As Mike Larsen and Justin Piché explain in their article, Exceptional State, Pragmatic Bureaucracy, and Indefinite Detention: The Case of the Kingston Immigration Holding Centre, these new holding facilities, or camps, are “the product of a series of decisions designed to functionally blur the spaces of the camp and the prison while maintaining their technical distinction.”(p. 205) While Agamben’s theorization of the camp is more akin to an internment or refugee camp, Larsen and Piché’s theorization of KIHC is more akin to a prison, where immigrants with security tickets over their heads, such as the “Secret Trial Five,” are held indefinitely.

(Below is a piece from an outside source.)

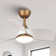 Haywa 28'' Ceiling Fan with LED Lights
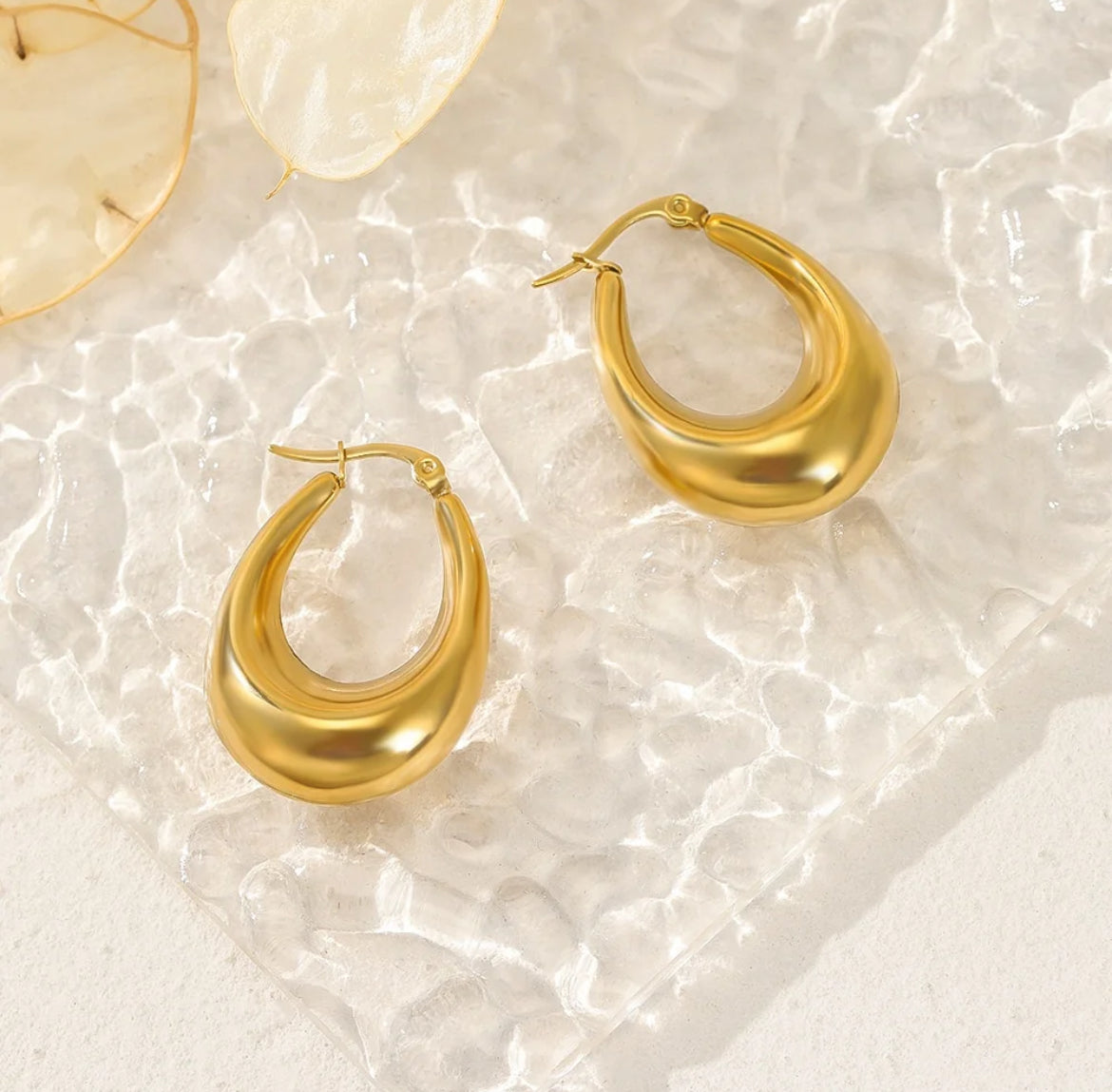 Chloe Oval Hoops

Larsen and Piché are opposed to security certificates for their punitive nature. The government, under the direction of “the Minister of Public Safety and the Minister of Citizenship and Immigration,” (p. 206) can issue a security certificate for any non-citizen deemed “to be ‘inadmissible’ to Canada ‘on security grounds.’” (p. 207) Those who are issued a security certificate can be detained indefinitely. Surely, indefinite detention in Canada is wrong, whether for national security concerns or not. If someone, including a non-citizen, is detained, then they should have the right to be charged and brought to trial. But to hold someone without charge and punish them like a criminal when an offence has not been committed is against their human rights and is un-Canadian.


– Pavlich, G. (2011). Law & Society Redefined. Don Mills, Ontario: Oxford University Press.

– Larsen, M. and Justin Piché. Exceptional State, Pragmatic Bureaucracy, and Indefinite Detention: The Case of the Kingston Immigration Holding Centre.